I have not posted here for some time, due to preoccupation with parental care situation. Last I posted here about this I heard in California that my developing-alzheimer's father had pulled a gun on his caregiver, the whole situation was bad here, but I had no idea of the horrible nightmare I walked right into.
Boy was I in for a rude shock. Soon as I arrived, local law enforcement was called with my observations. The so-called "caregivers" have held my parents in total fear for their very health and lives for over three months. The "caregivers" were not who I expected to be here, the previous "good" caregiver had been replaced by two terrorists. After 92 years of early to bed, early to rise, the new rules were not to bother the caregivers for anything, remained shut in their bedroom watching television and drinking alcohol. Loud music and television until 2 or 3 a.m. was the new rule of the day. Physical threats came any time they were "disturbed" before noon. Their solution to getting the caregiving out of the way was to keep admitting both my parents to local hospitals, after distressing them so badly they needed it. I was threatened by the male caregiver, promising to "rearrange my face" if I reported what was going on here.
I finally made conditions unbearable for these creeps, and yesterday.... thank god... they finally left, over two weeks after they were fired. Local law enforcement was supportive but unhelpful, only advised to seek legal eviction and stay out of their way. which we did.

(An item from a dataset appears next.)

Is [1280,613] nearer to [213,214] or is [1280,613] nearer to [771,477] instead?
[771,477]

So my 92 year old father was afraid of entering his own home for weeks surrounding the gun incident, but I certainly saw why he pulled the gun (only remaining clandestine firearm in the home, now removed). He just wanted these terrorist crazies out of his home the only way he knew how!
Lawyer appointment pending. I left a good job working with Stanford medical teams and drove over 1300 miles here for this? I must be crazy, or as some call it, "the good son".

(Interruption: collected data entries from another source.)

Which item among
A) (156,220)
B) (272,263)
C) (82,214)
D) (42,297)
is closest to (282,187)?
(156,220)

The "caregivers" did no housekeeping whatsoever, only emerged to throw trash in the hallway and pile the sink with dirty dishes. I have removed thousands of cobwebs, tons of grime everywhere, untold mounds of dust and bunnies. Lets not discuss the mouse turds in the kitchen, poison out, cat adoption coming.

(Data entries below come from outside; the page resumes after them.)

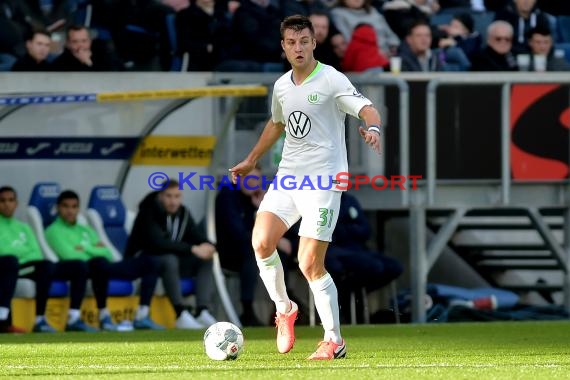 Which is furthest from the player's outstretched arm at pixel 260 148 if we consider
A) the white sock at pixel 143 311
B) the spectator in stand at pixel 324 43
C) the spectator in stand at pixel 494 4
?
the spectator in stand at pixel 494 4

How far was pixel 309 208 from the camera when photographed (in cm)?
995

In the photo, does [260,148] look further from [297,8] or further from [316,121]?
[297,8]

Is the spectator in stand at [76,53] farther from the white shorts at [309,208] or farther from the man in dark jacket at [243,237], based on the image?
the white shorts at [309,208]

Got mom out of the hospital soon as these knuckleheads were gone. This did my PTSD no favors. I'm partially disabled and find their care difficult but do-able. We are all shell shocked now. I was trying to contact various charity services to help to no avail, no one showed up at all.
Anyone have suggestions for me? I was thinking about writing habitat for humanity about rewiring/rennovating this 103 year old home before it burns down. My hands are full.... I've had to interrrupt this four times to gopher something for them. I'm not sure where else to turn for help right now.
Locut0s
(6,154 posts)I've heard stories of terrible caregivers but yours takes the cake. That's like something out of a horror movie. I'd be WAY out of my depth so I can't saw I can offer much help, sorry. I'd certainly pursue legal action though as what they did was criminal. Maybe you can get some form of monetary settlement. Hopefully others here can be of more help with suggestions, you have my deepest sympathies.
kickysnana
(3,908 posts)Most states, communities and Churches have outreach. Old friends or neighbors? Other relatives? You may need to press charges against said "caregivers" and have some documentation from police, hospital etc so you can spread the word and again get help. My Dad went through a evaluation following a driving incident to decide if he could drive and live alone required by the state but paid for by Medicare. You may need a reevaluation due to PTSD for both your parents. I am so sorry.
I have respite help and one good PCA who had been rock solid for months slid into drug addiction and became verbally abusive and finally stole from us in a short period of time and I live here so it can happen even if you don't live far away so don't feel guilty about that. You came in time.
Wish I could be more hands on help. Remember to take care of yourself too.